Rule #3Know Your Child’s Life Intimately Get to know all that
you can about your kids. Know what their favorite toys and
colors are, who their best friends are, who their heroes are,
etc. By showing interest, you’re showing you love them. By not
asking, you show that they’re not that important to you.

Rule #4Say No To Your Kids There’s an awful lot of stuff out
there for kids these days…and of course they want to have it
all. Kids who get almost everything they want typically don’t
turn out to be very happy kids. Kids learn discipline,
self-control, and how to delay gratification when they are told
no by their parents. It may be a difficult struggle, but saying
no and meaning it will help you to have happy, healthy, and
cooperative kids.

Rule #5Hitting or Spanking Your Kids Doesn’t Work There are
plenty of studies showing that kids who are spanked have lower
self-esteem. Spanking your kids will also be likely to increase
the very kinds of behaviors that you are spanking them for. As a
father, do you really want your child to be afraid of you?

Rule #6Treat Your Wife Extremely Well This is where your kids
get their most important information about relationships between
men and women. Make a great effort not to fight in front of the
kids. Remember to be kind more often than trying to be right.

Rule #7Actions Speak Louder Than Words Many parents spend time
threatening their children when their kids aren’t cooperating.
But if you don’t follow through on the consequences, you can
threaten till the cows come home. Your children will learn to
ignore the threats. They’ll understand action. If certain
privileges are taken away because of their lack of cooperation,
they’ll learn very quickly that you mean business.
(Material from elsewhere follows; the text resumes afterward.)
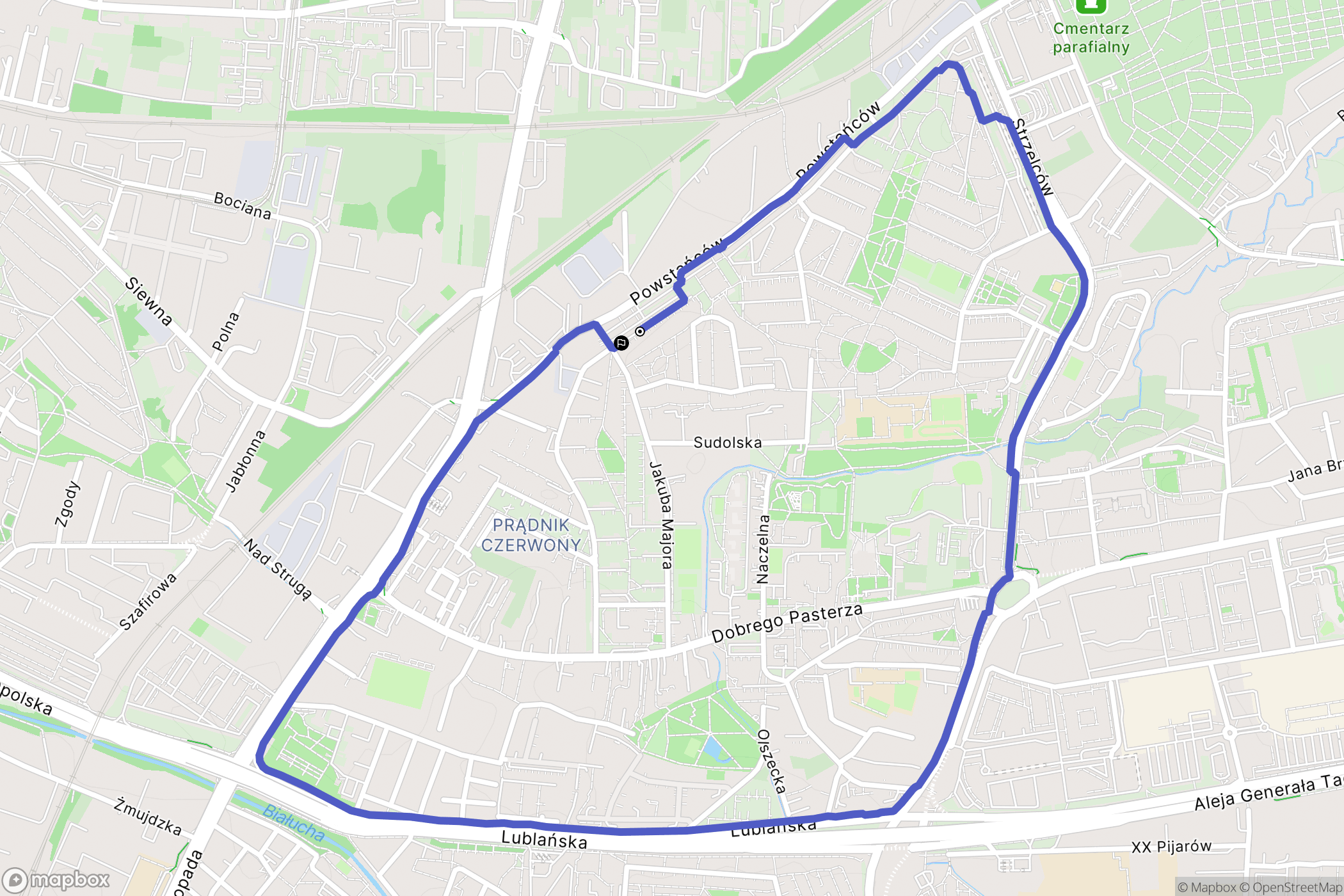 Kraków: mapa trasy - Poland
Try your best
to align the consequences with the action. ( If you don’t clean
your room in time, you won’t have time for stories before bed.)

Rule #8Really Listen to Your Kids Don’t just hear their words,
but learn to understand the meaning behind what they say as
well. I’m picking my own clothes! might mean that your child
wants more responsibility or independence. Be able to reflect
back what your child says to you. If you want your child to
listen to you, you absolutely must listen to her/him.

Rule #9Give Your Kids Responsibility as They Grow Older When
your kids are very young, maybe they just help make their beds
in the morning and keep their rooms clean. As they get older,
add things to their list. Tell them that this is how a family
works…everybody has certain things that they do. If you do it
when they’re young it’s more likely they’ll do it when they’re
older. Don’t reward them for things that should be expected of
them.

Rule #10Tell Your Kids They’re Great All the Time It is
especially important to tell them this when they’re not at their
best. It’s easy to tell them when things are going well. Make it
a point to tell them specifically what you think is great about
them. This will be more meaningful than generalized praise.